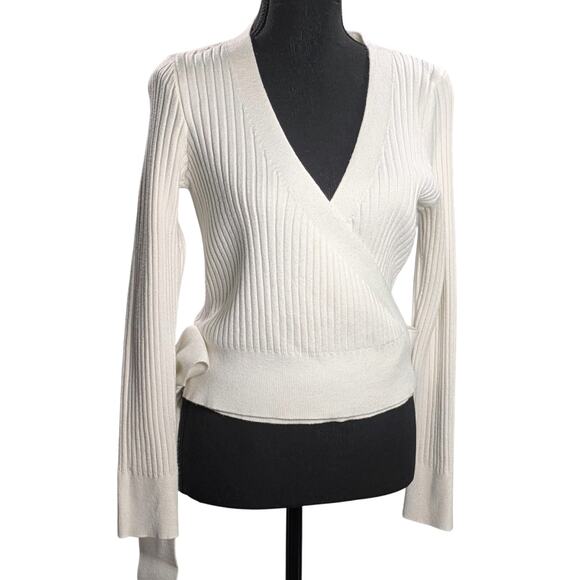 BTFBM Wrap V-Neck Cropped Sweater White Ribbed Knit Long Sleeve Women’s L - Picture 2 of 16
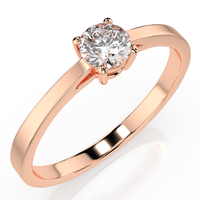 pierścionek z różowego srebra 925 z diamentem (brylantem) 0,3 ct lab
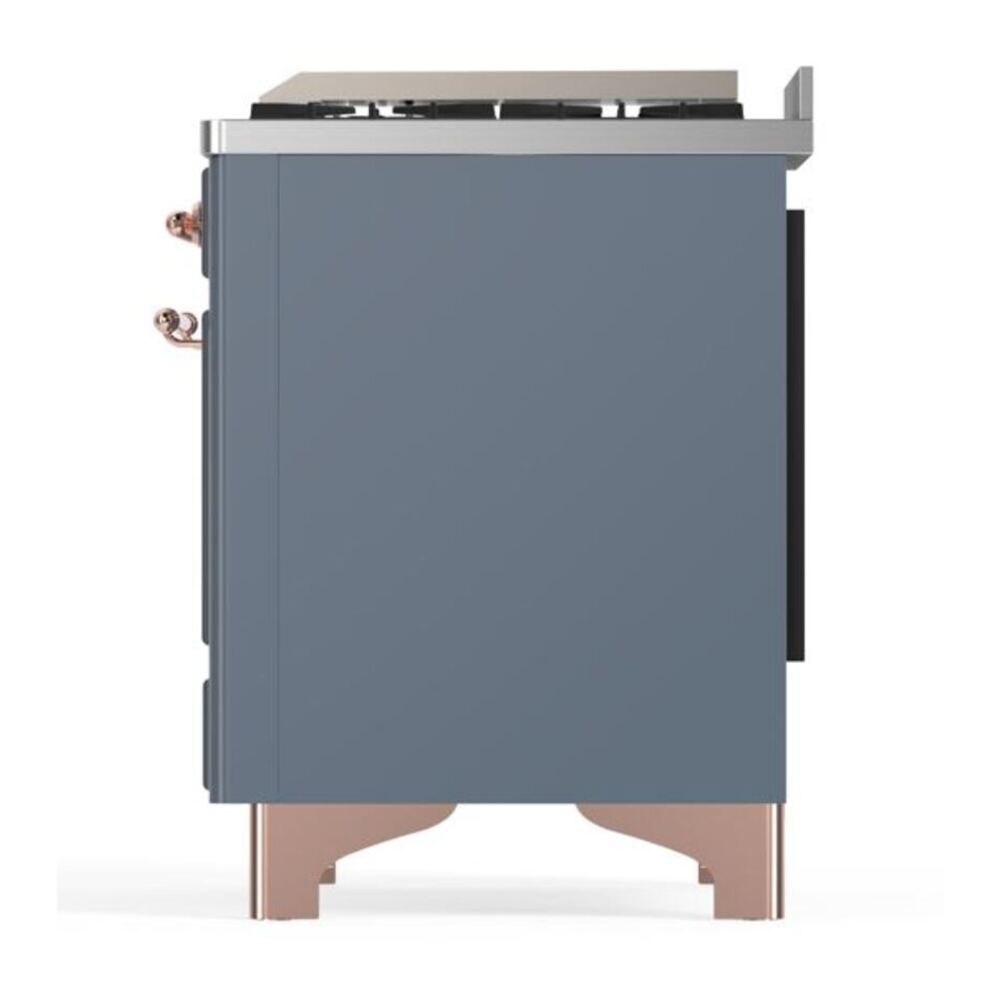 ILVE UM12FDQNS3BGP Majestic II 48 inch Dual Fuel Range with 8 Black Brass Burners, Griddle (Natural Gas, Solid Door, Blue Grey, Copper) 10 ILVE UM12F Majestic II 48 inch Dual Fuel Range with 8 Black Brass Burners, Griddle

·····

= Exercise brief =
All of the lines above should be copied exactly, apart from the pictures.

= Expected output =
 BTFBM Wrap V-Neck Cropped Sweater White Ribbed Knit Long Sleeve Women’s L - Picture 2 of 16
 pierścionek z różowego srebra 925 z diamentem (brylantem) 0,3 ct lab
 ILVE UM12FDQNS3BGP Majestic II 48 inch Dual Fuel Range with 8 Black Brass Burners, Griddle (Natural Gas, Solid Door, Blue Grey, Copper) 10 ILVE UM12F Majestic II 48 inch Dual Fuel Range with 8 Black Brass Burners, Griddle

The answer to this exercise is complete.